Microbial heterogeneity is often overlooked in molecular studies as most approaches analyze whole populations rather than single cells. While it is no longer surprising that seemingly identical populations are highly heterogeneous, the challenge is to decipher how cell-to-cell diversity translates into meaningful biological functions. For human pathogens, cellular heterogeneity can have important functional consequences, as seen for the bacterium Pseudomonas aeruginosa. Here, division of labor within biofilm communities can lead to cooperative interactions between different cell subtypes and enhance virulence.
Population heterogeneity is also an important strategy that pathogens can utilize to escape antimicrobial treatment. This is now evidenced by our work in Candida albicans (https://www.nature.com/articles/s41467-018-04926-x), a prevalent fungal pathogen that can occupy diverse niches in the human body, either as a commensal or as an invasive pathogen. Antifungal resistance has been described for all drugs used to treat infections by this species. Frontline therapies include azoles, a class of drugs which target the fungal cell membrane and inhibit cell growth.
We now show that population heterogeneity of infecting isolates can enable azole escape – in many strains a subpopulation of C. albicans cells can still grow, albeit slowly, in the presence of high drug concentrations.

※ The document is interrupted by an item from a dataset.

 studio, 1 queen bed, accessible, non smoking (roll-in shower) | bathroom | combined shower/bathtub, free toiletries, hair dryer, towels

Importantly, these cells are not drug resistant per se, and the size of the subpopulation does not change with drug concentration. We define this as antifungal tolerance and show that it arises due to decreased intracellular drug levels and signaling via cellular stress response pathways. We hypothesize that tolerance might buy time for a subset of cells, during which mutations that confer true drug resistance can arise. Strikingly, C. albicans clinical isolates, as well as other pathogenic Candida species, harbor variable levels of tolerant subpopulations. We found that isolates with high azole tolerance are associated with infections that persist in the bloodstream even with antifungal treatment.

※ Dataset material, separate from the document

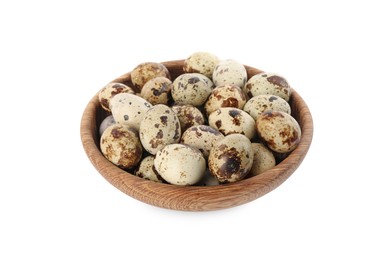 Photo of Wooden bowl with quail eggs and straw isolated on white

Curiously, antifungal tolerance has been previously noted by researchers as trailing growth, but remained largely ignored in the literature. In fact, clinical assays measuring azole susceptibility have been optimized to avoid trailing growth, as it can confound measurements of drug resistance. The current study now proposes that tolerance should not be ignored and could serve as a useful predictor for distinguishing infections likely to respond to azole therapy from those likely to be recalcitrant to these drugs. It also highlights that combination therapies (azoles together with secondary drugs) can successfully target highly tolerant subpopulations and improve infection outcomes. It remains to be determined what mechanisms enable Candida albicans population heterogeneity, and what other roles heterogeneity plays during host-pathogen interactions.